■ **EXERCISE MATERIALS**:
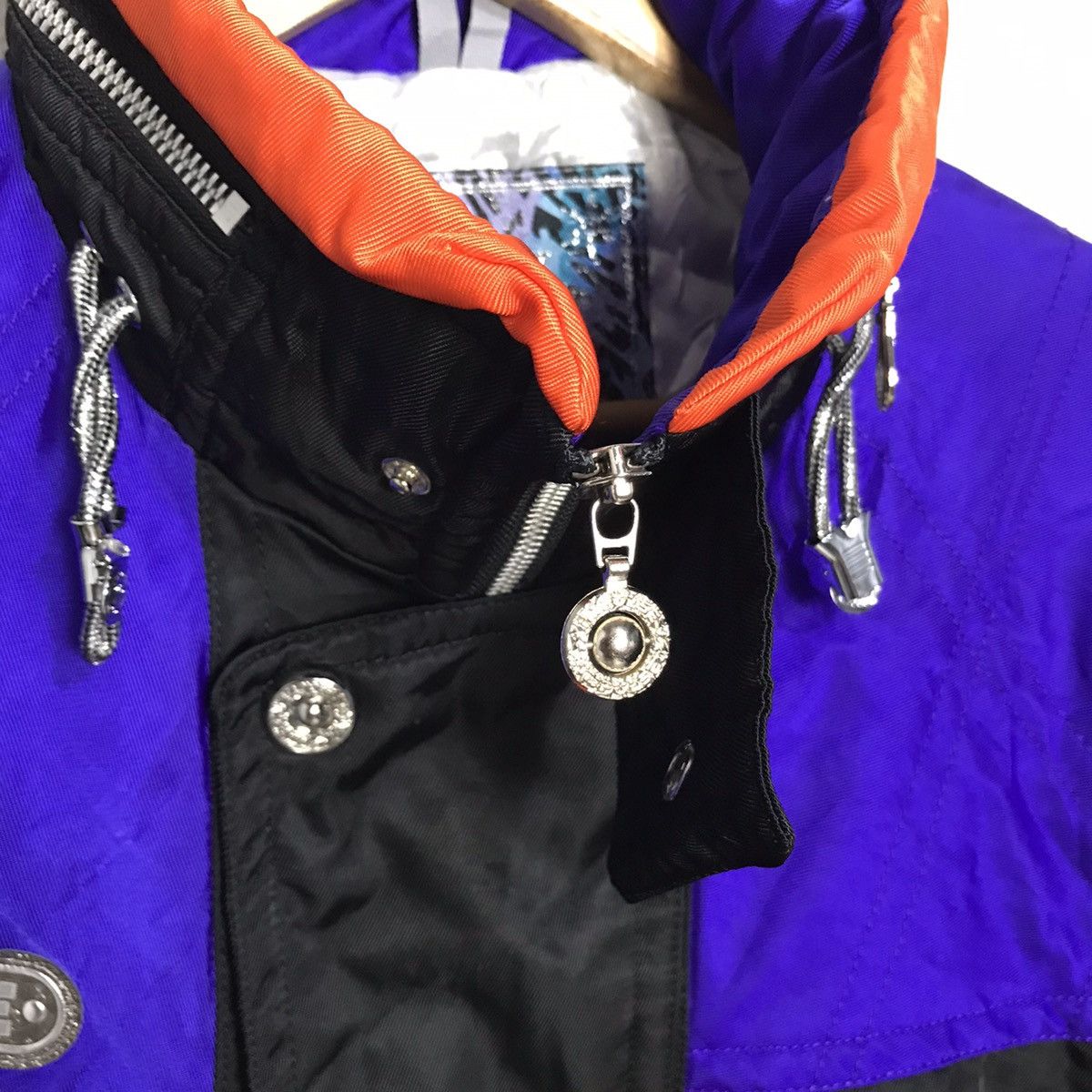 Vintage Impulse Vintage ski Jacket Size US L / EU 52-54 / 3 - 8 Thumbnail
--
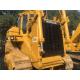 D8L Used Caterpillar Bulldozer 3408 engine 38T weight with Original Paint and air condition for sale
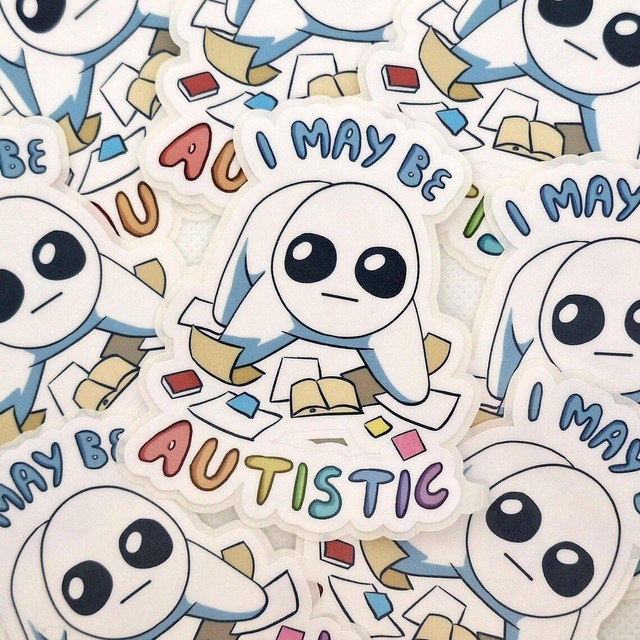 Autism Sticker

■ **ABOUT THIS TASK**: Nothing but the lines above, starting at the line that contains "D8L Used Caterpillar" and ending at the line that contains "Autism Sticker", should be given again, exactly and without the pictures.

■ **YOUR SOLUTION**:
 D8L Used Caterpillar Bulldozer 3408 engine 38T weight with Original Paint and air condition for sale
 Autism Sticker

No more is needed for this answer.